>>>>>

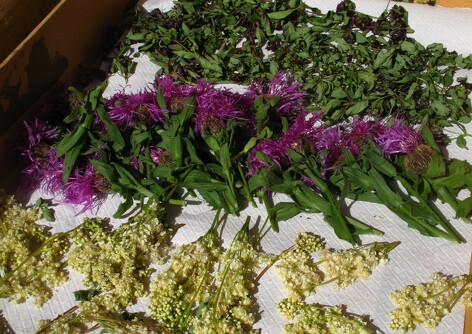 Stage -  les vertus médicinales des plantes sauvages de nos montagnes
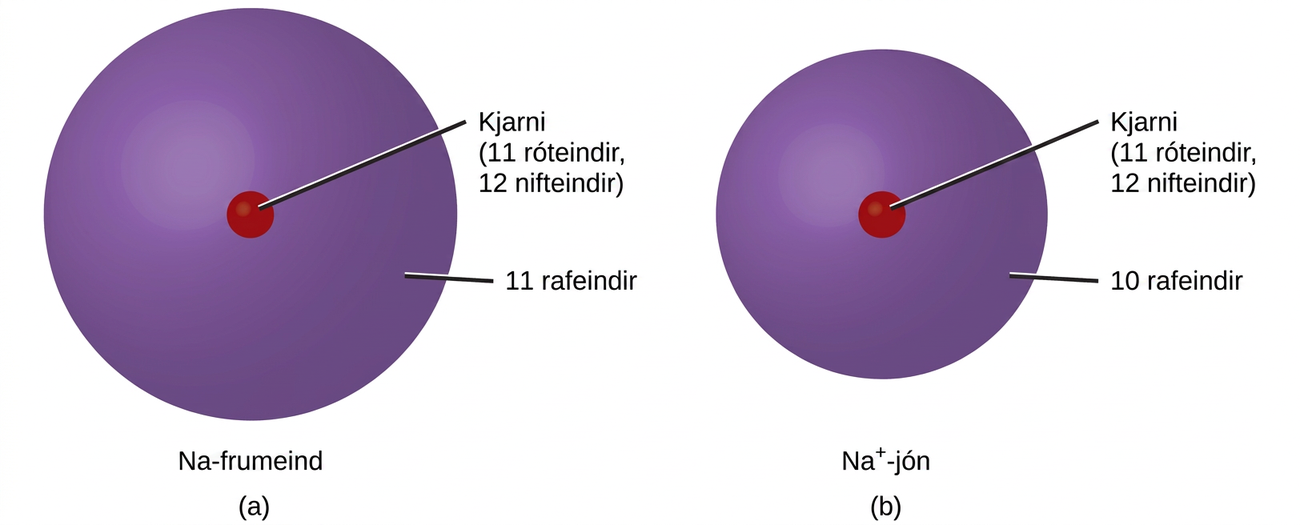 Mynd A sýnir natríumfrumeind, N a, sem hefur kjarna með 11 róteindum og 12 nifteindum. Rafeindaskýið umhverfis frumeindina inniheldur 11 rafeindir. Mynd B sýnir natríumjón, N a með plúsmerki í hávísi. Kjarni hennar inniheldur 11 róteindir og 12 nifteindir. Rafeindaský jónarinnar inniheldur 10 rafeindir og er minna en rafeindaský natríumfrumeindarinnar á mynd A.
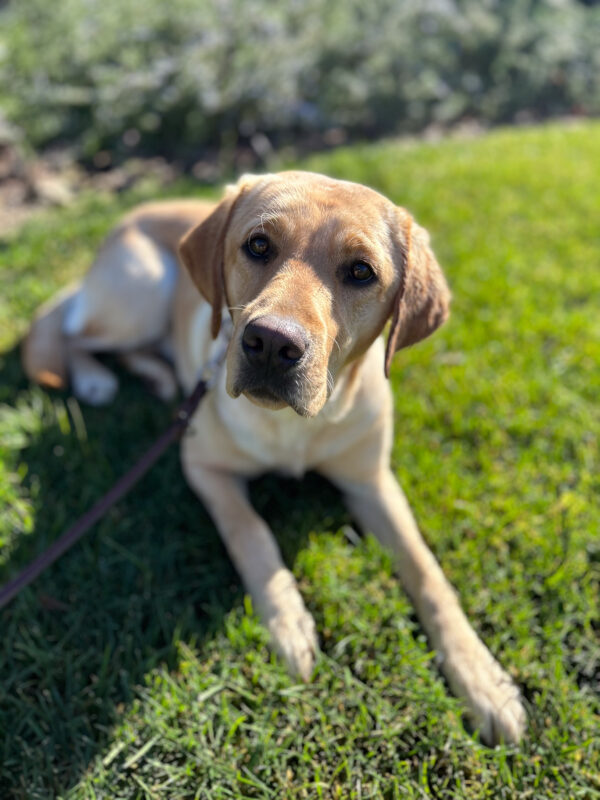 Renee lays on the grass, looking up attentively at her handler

<<<<<

### ASSIGNMENT
From the first line to the last, copy the listing above exactly and leave out the images.

### COMPLETED TASK
 Stage -  les vertus médicinales des plantes sauvages de nos montagnes
 Mynd A sýnir natríumfrumeind, N a, sem hefur kjarna með 11 róteindum og 12 nifteindum. Rafeindaskýið umhverfis frumeindina inniheldur 11 rafeindir. Mynd B sýnir natríumjón, N a með plúsmerki í hávísi. Kjarni hennar inniheldur 11 róteindir og 12 nifteindir. Rafeindaský jónarinnar inniheldur 10 rafeindir og er minna en rafeindaský natríumfrumeindarinnar á mynd A.
 Renee lays on the grass, looking up attentively at her handler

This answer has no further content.